Zalimlere/zulme karşı öfkeni diri tutmazsan bir gün sıcacık kuştüyü yataklarda onlar gibi olmuş buluverirsin kendini.
Ahdimize nankörlük edince Aliya İzzetbegoviç’in de dediği gibi “Savaş, ölünce değil düşmana benzeyince kaybedilir” tecelli eder.
Bir dönem ölümlerin korkutamadığı bizler için en beter akıbet olan zillet içinde yaşamaya giderek alışıyoruz.

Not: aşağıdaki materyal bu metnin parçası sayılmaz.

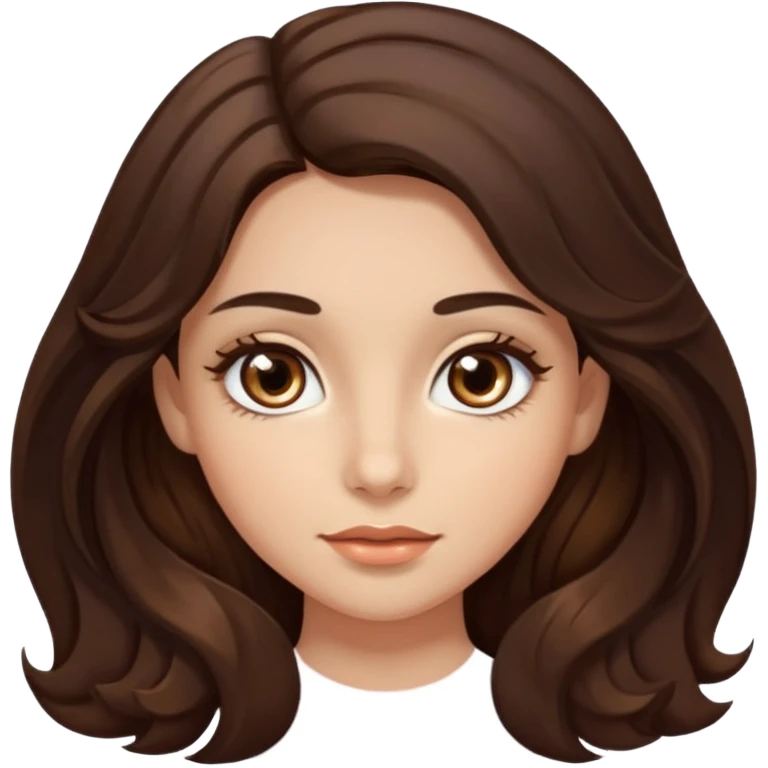 girl with wavy long dark brown hair, brown eyes, light to medium complexion, long lashes, almons shaped eye emoji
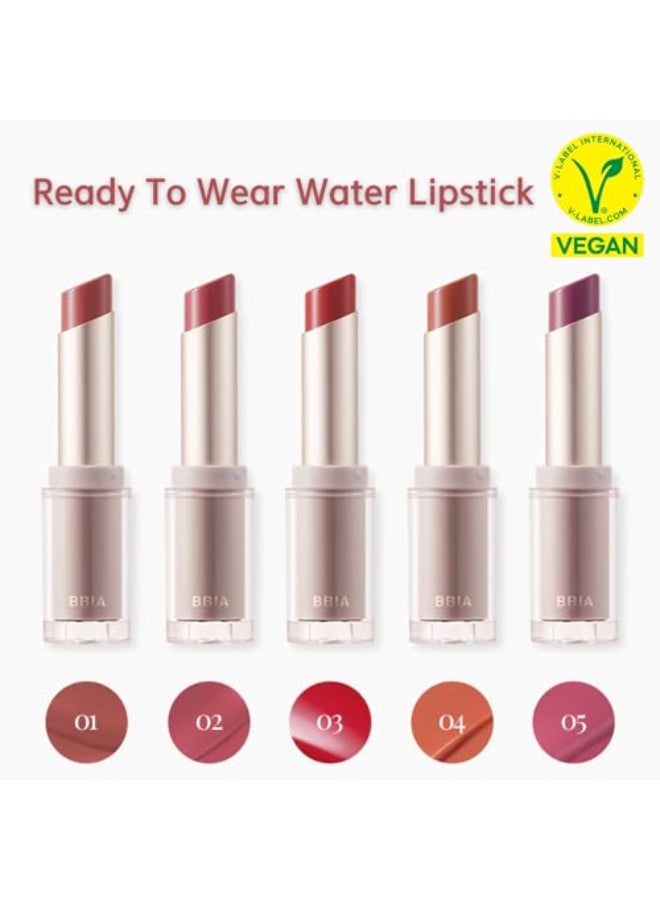 BBI@ BBIA BBIA Ready To Wear Water Lipstick Sheer LongLasting Lip Gloss Stick Glowy Glossy Texture Moisturizing Transparent Buildable Color Natural Tinting Korea Lip Makeup 01 WET MANDARINE - Image 3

Tek bir mazlumun, bir damla gözyaşı için dünyaları yakacak olan idealist dava adamları da rejime/sisteme angaje oldu.
Hayallerimiz vardı bizim:
Dün, sitemimiz vardı dağlara ve hep dağlar dağlardı bizi. Dağlarda kardeşlerimiz vardı.
Kâh Hindikuş dağlarına seferdeydi yüreklerimiz. Kâh Bosna’da, kâh Çeçenya’da, kâh Uhud’da.
Eritre, Moro, Keşmir, Patani, Doğu Türkistan hep yüreklerimizde ve dualarımızdaydı. Kudüs Kızıl Elmamızdı.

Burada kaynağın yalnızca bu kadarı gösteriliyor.